Quando morreu, sozinho, em um hospital público de Nova York, com apenas 49 anos, Julius Eastman levou com ele boa parte de seu trabalho. Negro e gay no cenário predominantemente heterosexual e branco da vanguarda nova-iorquina, o pianista, vocalista, compositor e bailarino levou uma vida errática que apagou quase toda sua obra – em 1983, já tornara-se um sem-teto sem carreira que perdeu muitas das suas partituras.
No entanto, a música de Eastman vem sendo redescoberta e exaltada pela sua construção singular, que funde elementos da música pop negra com a composição minimalista e provocação política, como em Evil Nigger e Gay Guerrila. Primeiro veio o box de três CDs Unjust Malaise (2005), que o colocou história da música do século XX. Na sequência foi o livro de ensaios Gay Guerrilla: Julius Eastman and His Music (2015). E agora o lançamento do álbum Femenine dá continuidade ao processo.

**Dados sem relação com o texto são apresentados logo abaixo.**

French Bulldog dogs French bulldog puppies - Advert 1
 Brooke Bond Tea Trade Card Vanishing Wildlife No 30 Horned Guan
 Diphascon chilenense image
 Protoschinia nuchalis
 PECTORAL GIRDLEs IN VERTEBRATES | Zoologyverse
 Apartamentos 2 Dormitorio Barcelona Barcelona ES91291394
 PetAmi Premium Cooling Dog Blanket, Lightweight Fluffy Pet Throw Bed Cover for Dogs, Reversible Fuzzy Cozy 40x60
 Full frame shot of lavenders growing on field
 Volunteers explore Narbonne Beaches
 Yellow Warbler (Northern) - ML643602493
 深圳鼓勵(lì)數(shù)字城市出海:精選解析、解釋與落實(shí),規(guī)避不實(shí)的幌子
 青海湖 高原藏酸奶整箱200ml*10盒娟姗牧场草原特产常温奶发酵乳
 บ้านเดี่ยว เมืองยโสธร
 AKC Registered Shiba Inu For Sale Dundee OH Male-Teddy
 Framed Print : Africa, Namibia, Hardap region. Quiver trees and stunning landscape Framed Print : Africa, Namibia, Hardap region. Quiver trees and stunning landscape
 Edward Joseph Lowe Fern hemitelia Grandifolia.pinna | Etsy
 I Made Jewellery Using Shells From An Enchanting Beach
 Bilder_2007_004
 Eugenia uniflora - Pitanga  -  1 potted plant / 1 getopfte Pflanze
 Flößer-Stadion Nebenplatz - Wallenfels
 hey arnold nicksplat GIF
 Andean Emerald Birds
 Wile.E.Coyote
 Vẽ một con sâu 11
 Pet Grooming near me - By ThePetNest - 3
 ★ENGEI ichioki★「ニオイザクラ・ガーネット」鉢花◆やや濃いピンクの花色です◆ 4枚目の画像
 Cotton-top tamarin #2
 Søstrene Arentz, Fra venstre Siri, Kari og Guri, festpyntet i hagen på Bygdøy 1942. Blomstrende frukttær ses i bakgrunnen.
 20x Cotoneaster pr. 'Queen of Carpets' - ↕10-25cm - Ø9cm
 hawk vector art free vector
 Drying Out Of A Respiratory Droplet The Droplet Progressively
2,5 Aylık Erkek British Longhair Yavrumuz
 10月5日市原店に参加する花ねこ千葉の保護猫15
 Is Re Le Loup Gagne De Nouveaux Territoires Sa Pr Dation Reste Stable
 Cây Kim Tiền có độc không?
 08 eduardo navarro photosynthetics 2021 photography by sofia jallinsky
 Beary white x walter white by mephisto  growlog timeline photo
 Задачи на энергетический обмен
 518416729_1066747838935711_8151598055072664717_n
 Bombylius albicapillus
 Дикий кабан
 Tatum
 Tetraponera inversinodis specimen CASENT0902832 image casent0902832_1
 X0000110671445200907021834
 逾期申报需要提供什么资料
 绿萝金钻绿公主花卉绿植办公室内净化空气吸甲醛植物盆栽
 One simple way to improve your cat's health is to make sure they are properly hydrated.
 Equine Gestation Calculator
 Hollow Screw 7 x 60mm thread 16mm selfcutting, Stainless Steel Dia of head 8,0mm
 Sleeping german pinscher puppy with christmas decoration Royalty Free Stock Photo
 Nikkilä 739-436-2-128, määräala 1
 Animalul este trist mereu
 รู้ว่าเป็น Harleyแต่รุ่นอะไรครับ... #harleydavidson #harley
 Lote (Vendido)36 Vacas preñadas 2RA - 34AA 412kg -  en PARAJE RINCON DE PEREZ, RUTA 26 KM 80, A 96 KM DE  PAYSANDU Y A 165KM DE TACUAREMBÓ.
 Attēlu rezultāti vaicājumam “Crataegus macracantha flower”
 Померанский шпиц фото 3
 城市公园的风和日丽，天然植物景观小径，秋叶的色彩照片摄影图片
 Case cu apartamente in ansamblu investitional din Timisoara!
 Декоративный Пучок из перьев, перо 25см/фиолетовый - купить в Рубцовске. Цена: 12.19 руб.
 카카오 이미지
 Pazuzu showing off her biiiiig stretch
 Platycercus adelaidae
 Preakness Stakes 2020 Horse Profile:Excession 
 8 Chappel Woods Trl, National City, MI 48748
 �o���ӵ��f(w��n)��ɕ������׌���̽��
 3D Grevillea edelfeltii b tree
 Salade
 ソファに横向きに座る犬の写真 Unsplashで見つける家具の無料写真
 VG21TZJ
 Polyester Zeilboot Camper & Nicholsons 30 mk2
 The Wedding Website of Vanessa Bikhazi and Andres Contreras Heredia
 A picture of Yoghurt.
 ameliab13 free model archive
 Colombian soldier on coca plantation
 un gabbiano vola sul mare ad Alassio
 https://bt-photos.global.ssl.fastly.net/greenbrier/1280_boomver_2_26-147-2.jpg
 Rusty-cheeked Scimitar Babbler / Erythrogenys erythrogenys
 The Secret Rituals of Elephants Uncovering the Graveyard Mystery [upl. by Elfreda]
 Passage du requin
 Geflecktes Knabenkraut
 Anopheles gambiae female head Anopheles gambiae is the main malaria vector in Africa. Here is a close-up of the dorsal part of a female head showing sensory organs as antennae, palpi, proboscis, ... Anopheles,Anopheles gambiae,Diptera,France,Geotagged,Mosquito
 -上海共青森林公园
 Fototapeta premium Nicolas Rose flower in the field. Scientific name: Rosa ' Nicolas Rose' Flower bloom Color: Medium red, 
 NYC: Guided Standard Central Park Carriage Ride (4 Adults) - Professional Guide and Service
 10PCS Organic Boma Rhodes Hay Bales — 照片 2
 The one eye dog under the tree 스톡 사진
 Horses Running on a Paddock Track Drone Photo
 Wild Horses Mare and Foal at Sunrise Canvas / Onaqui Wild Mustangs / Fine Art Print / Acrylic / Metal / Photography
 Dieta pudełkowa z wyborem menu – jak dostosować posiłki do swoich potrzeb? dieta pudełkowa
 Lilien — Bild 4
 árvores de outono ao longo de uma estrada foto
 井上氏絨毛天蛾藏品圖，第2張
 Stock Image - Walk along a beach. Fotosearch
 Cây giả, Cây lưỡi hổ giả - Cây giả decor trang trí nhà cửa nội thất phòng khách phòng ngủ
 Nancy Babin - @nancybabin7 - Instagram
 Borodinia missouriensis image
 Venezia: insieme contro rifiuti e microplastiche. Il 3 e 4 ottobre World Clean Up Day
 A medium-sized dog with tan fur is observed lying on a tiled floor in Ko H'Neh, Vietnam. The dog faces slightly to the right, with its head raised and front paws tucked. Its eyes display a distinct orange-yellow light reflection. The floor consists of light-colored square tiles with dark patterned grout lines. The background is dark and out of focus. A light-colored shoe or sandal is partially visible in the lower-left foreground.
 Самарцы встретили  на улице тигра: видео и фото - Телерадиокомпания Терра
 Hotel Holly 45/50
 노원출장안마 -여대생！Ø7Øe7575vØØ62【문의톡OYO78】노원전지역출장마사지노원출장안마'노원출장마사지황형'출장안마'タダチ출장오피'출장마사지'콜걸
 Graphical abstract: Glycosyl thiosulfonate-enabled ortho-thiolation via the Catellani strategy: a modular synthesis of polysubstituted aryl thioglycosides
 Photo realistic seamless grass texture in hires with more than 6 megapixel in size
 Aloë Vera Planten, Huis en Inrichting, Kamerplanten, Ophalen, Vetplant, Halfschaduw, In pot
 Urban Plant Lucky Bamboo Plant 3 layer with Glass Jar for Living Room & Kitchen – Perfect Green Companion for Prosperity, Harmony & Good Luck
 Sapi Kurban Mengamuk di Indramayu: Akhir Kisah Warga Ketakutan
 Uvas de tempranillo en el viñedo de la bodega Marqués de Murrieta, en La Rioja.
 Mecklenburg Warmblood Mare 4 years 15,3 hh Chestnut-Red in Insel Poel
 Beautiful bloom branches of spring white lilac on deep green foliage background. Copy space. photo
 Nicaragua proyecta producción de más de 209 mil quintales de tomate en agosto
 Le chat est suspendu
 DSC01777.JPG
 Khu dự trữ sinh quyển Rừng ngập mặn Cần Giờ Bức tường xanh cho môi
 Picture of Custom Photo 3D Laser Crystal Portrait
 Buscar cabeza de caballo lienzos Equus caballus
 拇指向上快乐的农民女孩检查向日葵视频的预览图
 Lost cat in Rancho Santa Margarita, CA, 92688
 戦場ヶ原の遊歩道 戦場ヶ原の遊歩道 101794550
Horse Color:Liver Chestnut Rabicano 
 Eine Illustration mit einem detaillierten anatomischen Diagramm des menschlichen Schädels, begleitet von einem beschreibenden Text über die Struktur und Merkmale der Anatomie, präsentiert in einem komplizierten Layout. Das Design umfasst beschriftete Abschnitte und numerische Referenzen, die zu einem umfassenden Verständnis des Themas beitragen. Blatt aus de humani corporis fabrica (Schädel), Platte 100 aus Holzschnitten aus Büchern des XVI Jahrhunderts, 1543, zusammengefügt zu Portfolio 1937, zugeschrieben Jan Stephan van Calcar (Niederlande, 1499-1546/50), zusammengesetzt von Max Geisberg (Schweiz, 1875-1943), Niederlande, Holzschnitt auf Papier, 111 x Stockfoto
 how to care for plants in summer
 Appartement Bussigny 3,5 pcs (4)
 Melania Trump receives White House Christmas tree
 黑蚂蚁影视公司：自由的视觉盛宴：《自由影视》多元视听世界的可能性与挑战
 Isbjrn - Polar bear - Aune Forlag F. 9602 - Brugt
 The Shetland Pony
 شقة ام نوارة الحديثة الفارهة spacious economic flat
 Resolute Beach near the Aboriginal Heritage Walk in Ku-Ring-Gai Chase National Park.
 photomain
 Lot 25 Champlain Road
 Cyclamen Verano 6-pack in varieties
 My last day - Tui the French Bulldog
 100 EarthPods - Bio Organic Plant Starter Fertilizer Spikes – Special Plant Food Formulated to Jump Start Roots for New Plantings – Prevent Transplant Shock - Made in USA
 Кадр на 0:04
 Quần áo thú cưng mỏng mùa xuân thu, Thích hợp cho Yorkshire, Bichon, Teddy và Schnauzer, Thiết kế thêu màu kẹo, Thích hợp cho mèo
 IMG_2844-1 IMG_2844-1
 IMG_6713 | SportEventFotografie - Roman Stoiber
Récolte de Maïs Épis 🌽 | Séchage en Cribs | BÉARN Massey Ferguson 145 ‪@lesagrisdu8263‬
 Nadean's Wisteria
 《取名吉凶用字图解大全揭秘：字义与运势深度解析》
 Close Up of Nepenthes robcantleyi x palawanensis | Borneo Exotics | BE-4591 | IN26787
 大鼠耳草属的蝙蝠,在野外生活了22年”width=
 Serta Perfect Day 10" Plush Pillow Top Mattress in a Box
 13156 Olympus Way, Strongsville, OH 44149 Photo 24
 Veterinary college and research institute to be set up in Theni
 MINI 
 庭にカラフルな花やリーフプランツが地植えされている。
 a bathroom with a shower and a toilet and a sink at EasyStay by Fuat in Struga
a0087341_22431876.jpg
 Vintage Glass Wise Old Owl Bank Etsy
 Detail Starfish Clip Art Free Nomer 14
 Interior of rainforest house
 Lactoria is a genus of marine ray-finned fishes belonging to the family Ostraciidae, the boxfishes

Eastman iniciou sua carreira no início dos anos 1970, como membro do Sem Ensemble, tocando ao lado dos destacados Morton Feldman, John Cage e Pauline Oliveros. Seu nome foi ganhando notoriedade nos recitais, culminando com a participação na ópera Oito Canções para um Rei Louco, de Peter Maxwell Davies, indicada ao Grammy em 1973.
Mas ele desafiava constantemente a conduta de seu círculo social. Em 1975, durante uma apresentação do Sem Ensemble de peças de John Cage, com o compositor no palco, Eastman despiu um voluntário da plateia (provavelmente seu namorado) enquanto fazia insinuações sexuais – o que Cage considerou um ultraje. O consagrado maestro Pierre Boulez queria fazer com Eastman uma nova versão Oito Canções Para um Rei Louco, mas Eastman preferiu se jogar no underground nova-iorquino, trabalhando com a cantora Meredith Monk e, principalmente, o violoncelista Arthur Russell - chegou a tocar no álbum 24→24 Music do Dinosaur L.
Em meados de 1981, Julius Eastman foi despejado de seu apartamento no East Village por conta de aluguel não pago. Todos os seus pertences, incluindo sua música, ficaram no meio da rua e, quando ele não retornou, foram levados pelo caminhão de lixo. Sem-teto, afundou-se no vício do álcool e drogas. Falecido em 1991, ficou tempos esquecido e seu primeiro obituário só foi publicado oito meses depois.
Femenine
A angústia de Eastman é mais sentida na série Nigger – incluindo as peças Nigger Faggot, Crazy Nigger, Evil Nigger, entre outras. Femenine tem mais a ver com a relação da música com a construção de espaços e ambiências. Executada pelo Sem Ensemble num concerto em 1971, com Eastman no piano, a peça não tem marcações definidas de andamento, apenas indicações de duração para cada sessão. O número de instrumentistas envolvidos é nebuloso, mas estima-se algo entre 12 e 15 músicos.
Durante os 70 minutos da música, vão surgindo e sobrepondo-se camadas instrumentais diferentes. Começa lentamente com sinos de trenó, adicionando toques de vibrafone, piano, sopros de madeira e assim por diante, aos poucos formando uma atmosfera esfumaçadam imersiva e terminando do mesmo modo que começou – como que vindo e partindo ao nada. Aponta para uma sensação de infinitude: a música vem de longe e vai ao longe.
Este procedimento é similar a obras clássicas como o Bolero de Maurice Ravel e a In C de Terry Riley. Eastman, no entanto, traz outras abordagens, outras concepções, em diálogo com a música afro-americana. Femenine tem, como observa a musicista e pesquisadora Mary Jane Leach, “a fluidez do jazz e um balanço que está faltando, especialmente em Steve Reich”.